Please return only the lines from the one holding "-老北京胡同味道二荤铺(酒仙桥店)" through the one holding "2022 Daihatsu Hi-Jet", exactly as they appear in the records below, both ends included.

**PROVIDED MATERIAL**
"""
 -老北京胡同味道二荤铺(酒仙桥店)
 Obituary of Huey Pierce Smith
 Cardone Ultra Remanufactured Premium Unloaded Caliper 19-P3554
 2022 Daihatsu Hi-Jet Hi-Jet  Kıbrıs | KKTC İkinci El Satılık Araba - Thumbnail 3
"""
"""
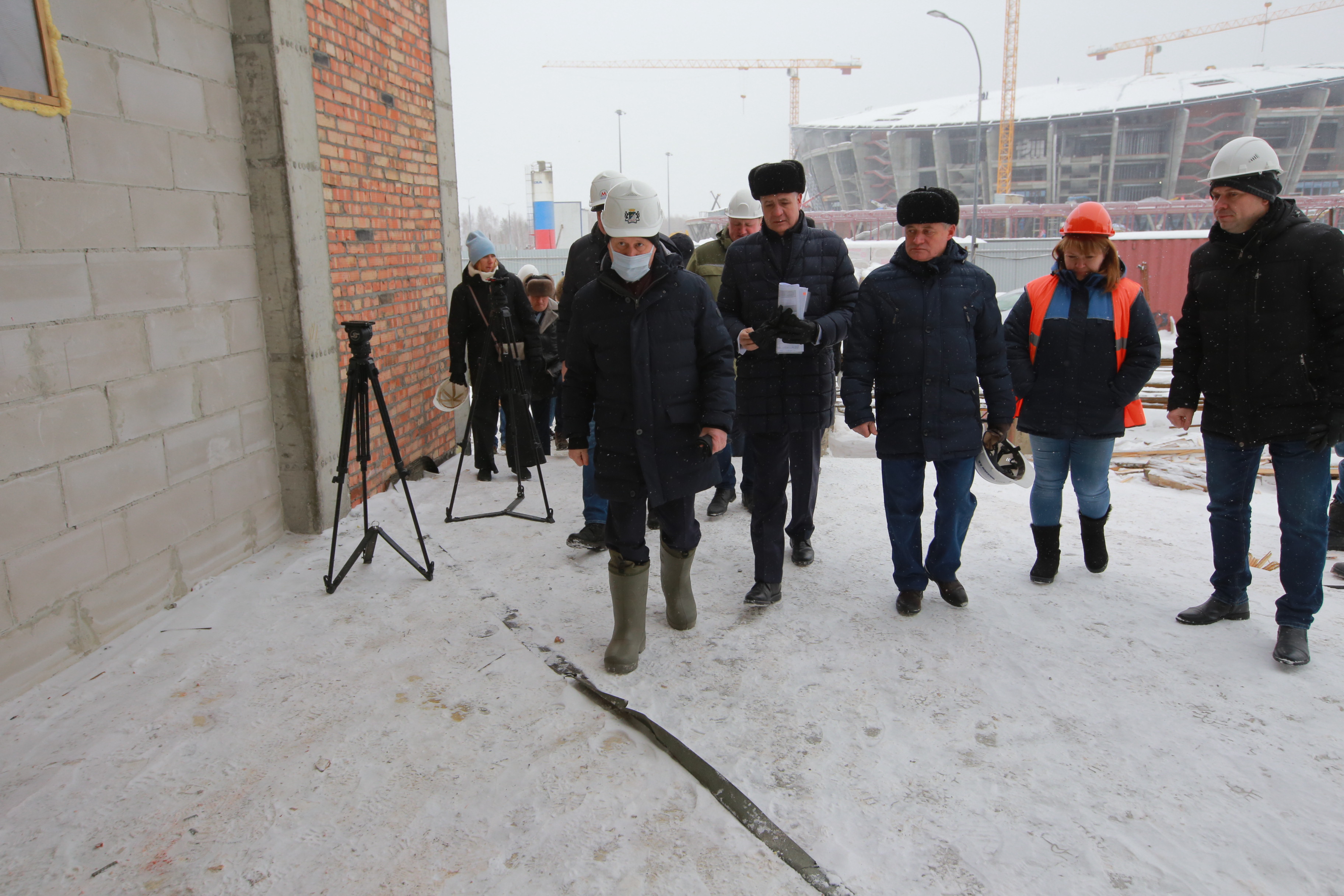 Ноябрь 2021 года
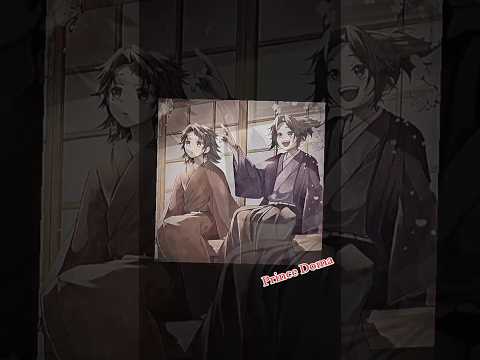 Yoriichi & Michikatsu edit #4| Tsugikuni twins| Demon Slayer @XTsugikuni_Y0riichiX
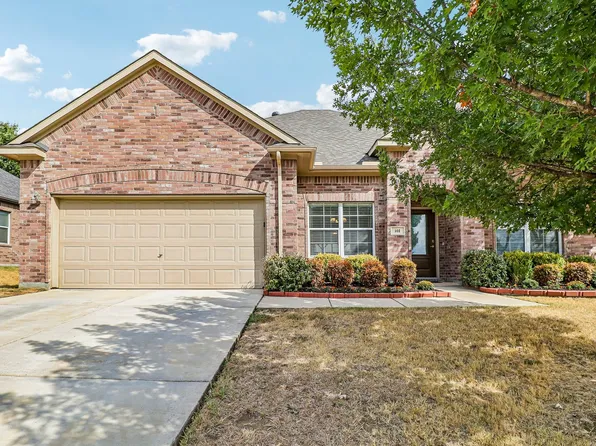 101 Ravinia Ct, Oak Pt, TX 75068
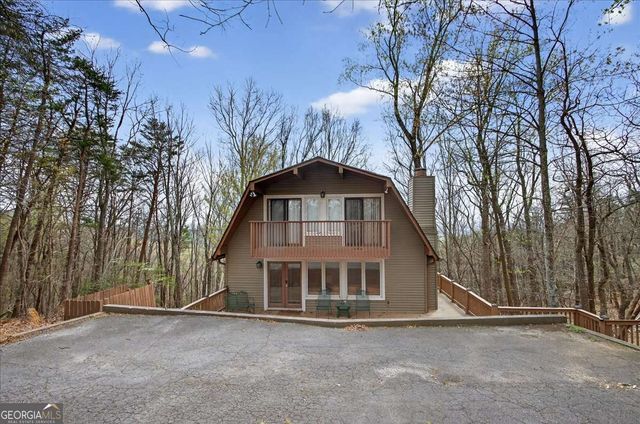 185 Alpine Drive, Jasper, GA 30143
"""
"""
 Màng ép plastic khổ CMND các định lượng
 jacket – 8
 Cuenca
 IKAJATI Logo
"""
**EXERCISE RESULT**
 -老北京胡同味道二荤铺(酒仙桥店)
 Obituary of Huey Pierce Smith
 Cardone Ultra Remanufactured Premium Unloaded Caliper 19-P3554
 2022 Daihatsu Hi-Jet Hi-Jet  Kıbrıs | KKTC İkinci El Satılık Araba - Thumbnail 3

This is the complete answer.